Deep Segmentation

Segmentation overview

Classical vs learning-based

Classical / interactive

Fast, no training data; needs hand-tuned assumptions (color clusters, user scribbles, smooth regions). Great for controlled capture or preprocessing.

Deep segmentation

Learns appearance and context from labeled images; handles diverse scenes. Heavier compute and dataset requirements.

Threshold + morphology + contours

The simplest “segmentation” is a binary mask: foreground vs background.
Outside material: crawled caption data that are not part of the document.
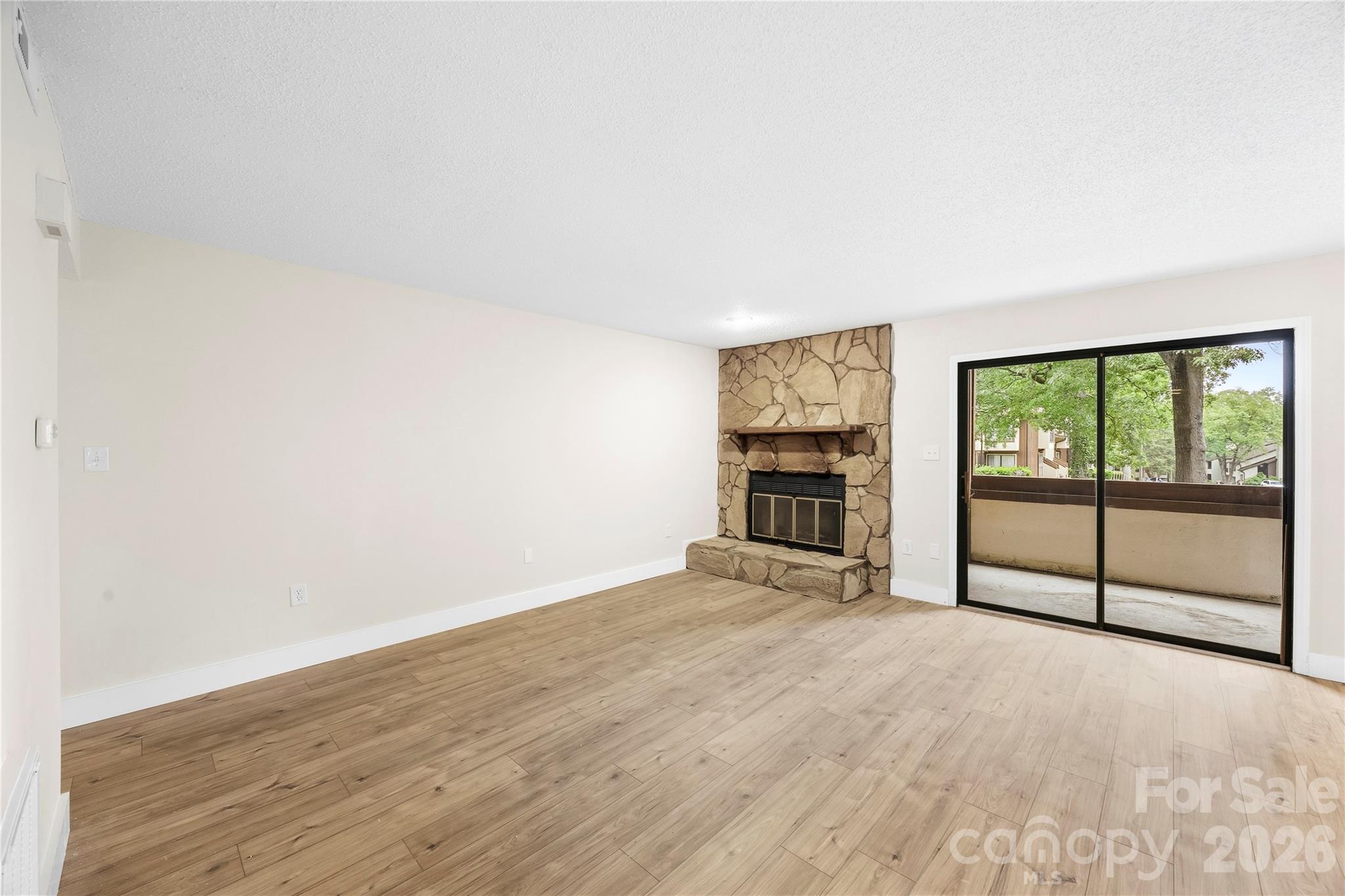 7204 Winery Lane Property Photo 12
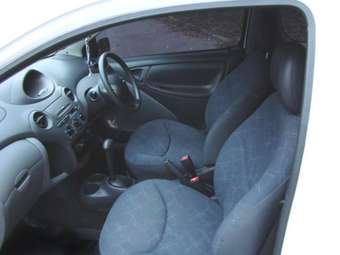 2002 Toyota Vitz Pictures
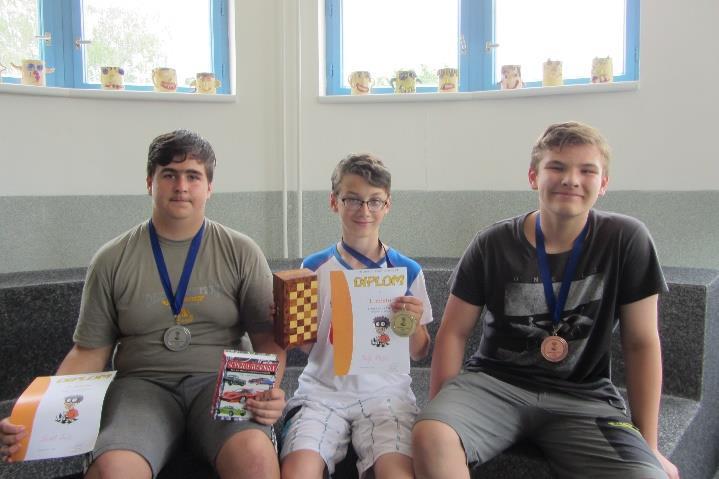 místo: Radek Průša, 8. B 3. místo: Zuzana Jelínková, 3. B 3. místo: Marek Patka, 7. A Běháme pro radost 4.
Clean it with morphology, then extract outer boundaries or filled regions.

import cv2

gray = cv2.imread("blob.png", cv2.IMREAD_GRAYSCALE)
blur = cv2.GaussianBlur(gray, (5, 5), 0)
_, bw = cv2.threshold(blur, 0, 255, cv2.THRESH_BINARY_INV + cv2.THRESH_OTSU)

k = cv2.getStructuringElement(cv2.MORPH_ELLIPSE, (5, 5))
bw = cv2.morphologyEx(bw, cv2.MORPH_OPEN, k, iterations=1)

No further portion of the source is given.